Small businesses, that's who...

I wrote a couple weeks ago about how easily a health plan with even a large deductible ($1,500 for one person, $3,000 per family) can cost like a Cadillac plan, even if it doesn't look or feel like one. Because small businesses are generally denied the benefit of the laws of large numbers, they pay 18-20 percent more for their health insurance coverage than big companies do. So based on price alone, and with Congress jacked up to generate revenue, small business is once again the pigeon at the poker table.

Small business groups have won the amazing victory of exempting vision and dental plans from the Cadillac Tax computation. But the tax is still looming quite large.

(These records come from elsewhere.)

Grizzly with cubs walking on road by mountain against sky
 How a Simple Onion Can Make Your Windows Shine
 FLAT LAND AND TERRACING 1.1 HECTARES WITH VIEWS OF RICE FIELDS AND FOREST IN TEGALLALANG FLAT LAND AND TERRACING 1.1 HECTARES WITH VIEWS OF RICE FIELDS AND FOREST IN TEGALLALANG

Media accounts suggest that the tax will be on insurance companies, not on individuals or businesses, which is factually true but practically fatuous; the same outlets suggest that taxpayers seeking to avoid the tax would undoubtedly face either higher premiums or reduced benefits.

But the "reduced benefits" part is an illusion, too, since both House and Senate bills would cap deductibles at $2,000 for one person and $4,000 per family per year.

Of course, all this may be just so much speculation if the Republican candidate wins the special election to replace Massachusetts Senator Ted Kennedy.

But for now, estimates are that exempting labor union health plans will reduce the impact of the Cadillac Tax from $150 billion to $97 billion over ten years. Which means that, in addition to paying higher insurance premiums to insurance companies, small businesses have been set up to pay an additional $97 billion in taxes.

Remember when health care reform was about reducing the pace of runaway health care inflation, and making coverage more affordable for small businesses?

Seems like a lonnng time ago...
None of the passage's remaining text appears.